Source data Start Marker

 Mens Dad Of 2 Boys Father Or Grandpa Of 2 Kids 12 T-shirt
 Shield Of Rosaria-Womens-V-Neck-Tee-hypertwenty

Source data End Marker
Source data Start Marker

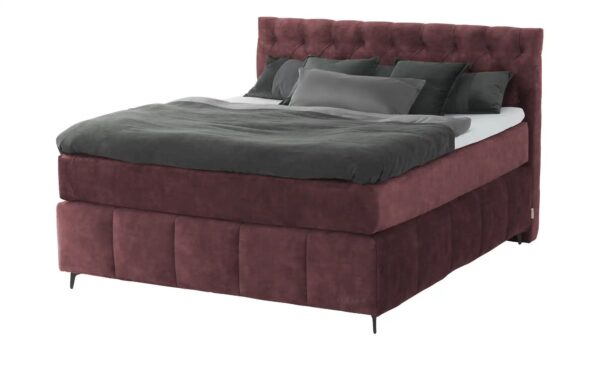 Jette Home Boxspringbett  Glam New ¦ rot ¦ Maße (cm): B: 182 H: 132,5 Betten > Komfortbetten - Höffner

Source data End Marker

### Required action
Precisely the lines between those holding "Mens Dad Of" and "Shield Of Rosaria-Womens-V-Neck-Tee-hypertwenty", inclusive, are to be reproduced from the listing above, with nothing added.

### Exercise output
 Mens Dad Of 2 Boys Father Or Grandpa Of 2 Kids 12 T-shirt
 Shield Of Rosaria-Womens-V-Neck-Tee-hypertwenty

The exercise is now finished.